Die letzten beiden Teile der „Ethik“, betitelt „Von der menschlichen Knechtschaft oder von den Kräften der Affekte“ und „Von der Macht des Verstandes oder von der menschlichen Freiheit“, sind am interessantesten. Wir sind in Knechtschaft, insofern das, was uns widerfährt, durch äußere Ursachen bedingt ist, und frei, insofern wir nach eigenem Ermessen handeln. Spinoza nimmt, wie Sokrates und Platon, an, dass alle falschen Handlungen mit intellektuellen Fehlern zusammenhängen: Der Mensch, der die ihn umgebenden Umstände richtig versteht, handelt weise und wird angesichts dessen glücklich sein, was für andere ein Unglück wäre. Er ruft nicht zur Selbstlosigkeit auf, er glaubt, dass das Streben nach dem eigenen Vorteil in einem bestimmten Sinne, und insbesondere im Sinne der Selbsterhaltung, das gesamte menschliche Verhalten steuert. „Keine Tugend kann einen Vorrang vor diesem Streben nach Erhaltung des eigenen Seins haben.“ Aber seine Konzeption, dass der weise Mensch seinen Vorteil als Ziel wählen wird, unterscheidet sich von der Konzeption gewöhnlicher Egoisten. „Das höchste Gut des Geistes ist die Erkenntnis Gottes, und die höchste Tugend ist, Gott zu kennen.“ Affekte werden „Leidenschaften“ genannt, wenn sie aus inadäquaten Ideen entstehen; Leidenschaften können bei verschiedenen Menschen in Konflikt geraten, aber Menschen, die nach dem Verstand leben, werden einen Weg zum Einvernehmen finden.

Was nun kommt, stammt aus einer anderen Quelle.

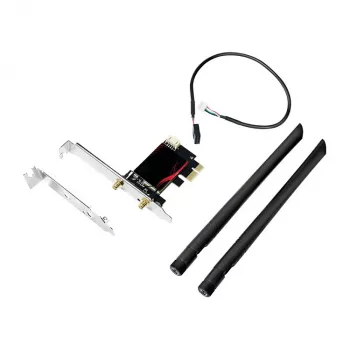 LogiLink WL0248 scheda PCI-Express Wi-Fi 6E AX5400 tri-band con Bluetooth 5.2, 2,4/5/6 GHz, 2 antenne rimovibili da 5 dBi, Intel AX210, WPA3, Windows 10/11 e Linux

Freude an sich ist gut, aber Hoffnung und Furcht sind böse, ebenso wie Unterwürfigkeit und Reue: „Wer irgendeine Tat bereut, ist doppelt unglücklich oder ohnmächtig.“ Spinoza hält die Zeit für nicht wirklich existierend, und daher sind alle Affekte, die ihrem Wesen nach mit einem Ereignis, ob in der Vergangenheit oder in der Zukunft, verbunden sein müssen, dem Verstand zuwider. „Insofern die Seele Dinge auf Anregung des Verstandes vorstellt, unterliegt sie demselben Affekt, gleichgültig, ob es sich um die Idee einer zukünftigen, vergangenen oder gegenwärtigen Sache handelt.“

Dies ist ein schwieriger Ausdruck, aber er ist die Essenz von Spinozas System, und wir tun gut daran, uns kurz damit aufzuhalten. Die allgemeine Meinung besagt, dass „alles gut ist, was gut endet“; wenn sich das Universum allmählich verbessert, denken wir besser darüber, als wenn es sich allmählich verschlechtert, selbst wenn die Summe von Gut und Böse in beiden Fällen gleich wäre. Wir machen uns mehr Sorgen um die Unglücke unserer Zeit als um die Zeiten Dschingis Khans. Laut Spinoza ist dies irrational. Denn alles, was geschieht, ist Teil der ewigen, zeitlosen Welt, so wie Gott sie sieht; für Ihn ist die Zeit nicht wesentlich. Und der weise Mensch versucht, soweit es die menschliche Begrenztheit zulässt, die Welt so zu sehen, wie Gott sie sieht, sub specie aeternitatis (unter dem Gesichtspunkt der Ewigkeit). Aber Sie könnten einwenden, dass wir wahrscheinlich zu Recht besorgter über zukünftige Unglücke sind, die möglicherweise verhindert werden können, als über vergangene Katastrophen, in Bezug auf die wir nichts mehr tun können. Und auf dieses Argument gibt Spinozas Determinismus die Antwort. Nur Unwissenheit lässt uns glauben, wir könnten die Zukunft ändern; was geschehen wird, wird geschehen, und die Zukunft ist ebenso unabänderlich festgelegt wie die Vergangenheit. Deshalb werden Hoffnung und Furcht verurteilt: Beide hängen von der Sichtweise der Zukunft als unbestimmt ab – und entstehen daher aus einem Mangel an Weisheit.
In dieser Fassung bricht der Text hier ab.